What happens when your plans don’t work out? I’m a little lost ya’ll. I’m a little stuck in my mind, allowing fear and doubt to cloud my judgement. I’m extremely hard on myself and extremely impatient. So enjoying the journey is hard for me but I understand that the journey is 90% of it. I feel like the wind was knocked out of my sails and I’ve been having a hard time recovering. I hate working without focus and ultimately I feel unfocused and without direction. What do you all do when you’re in this place?

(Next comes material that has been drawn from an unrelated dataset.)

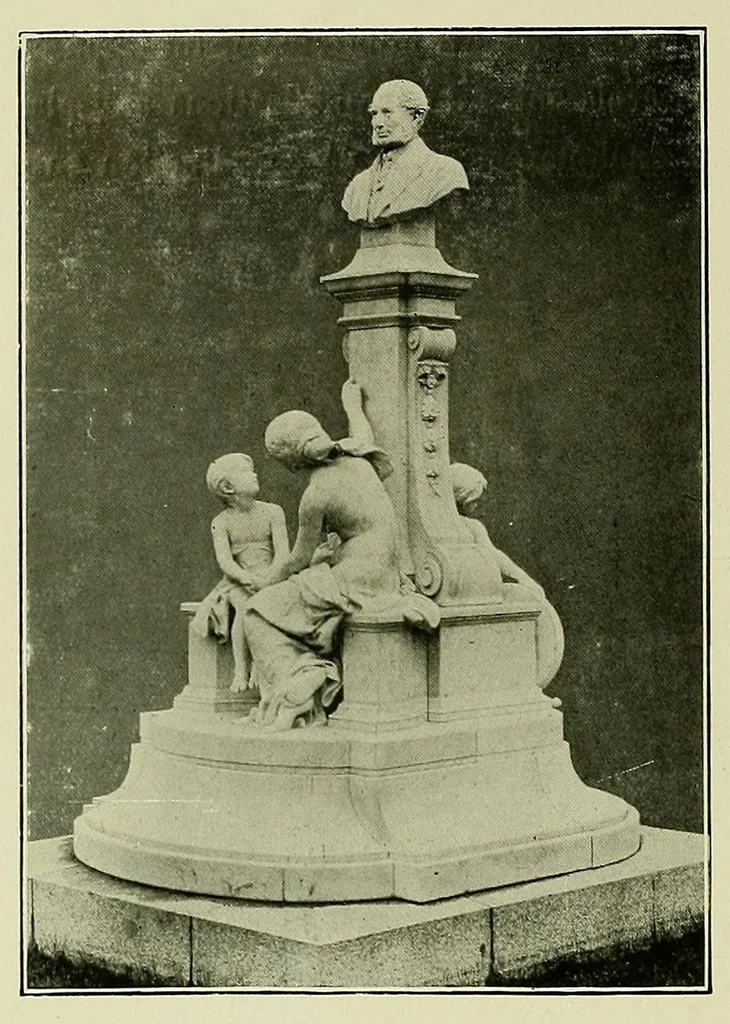 An illustration from L'uvre de Ernest Barrias, 1908, leaf 90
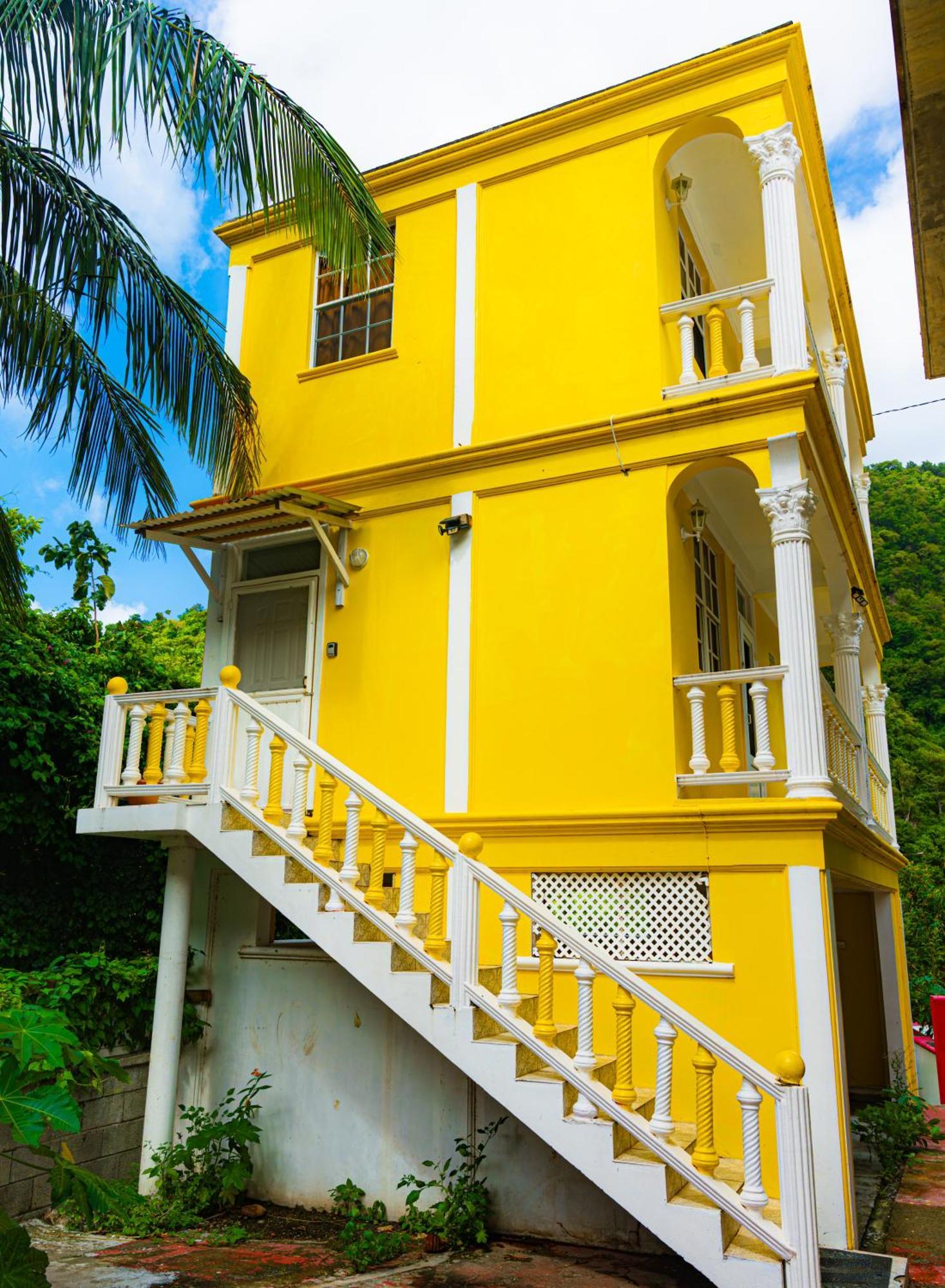 Rainbow Heights Apartment, Soufriere Exteriér fotografie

I posted on Instagram yesterday with this question and got SO many responses. I’m trying to focus in on the things that I enjoy that make me happy, breaking it down that way. So what do I love about blogging, why did I start? I love styling and fashion. I love creating images and being creative. I love empowering and inspiring people to be more confident, to build more self esteem and be bad bitches. What don’t I like? The comparison, the industry of it, sponsored posts, ads, lack of financial compensation, number of likes/follows/comments as a way to measure value. I’m telling you miss me with this extra shit. I’m tired of it. Even typing that, I’m like mannn why do I keep this going? I truly love the creating of it. When I boil everything I’m passionate about it comes back to being creative and creating, story telling.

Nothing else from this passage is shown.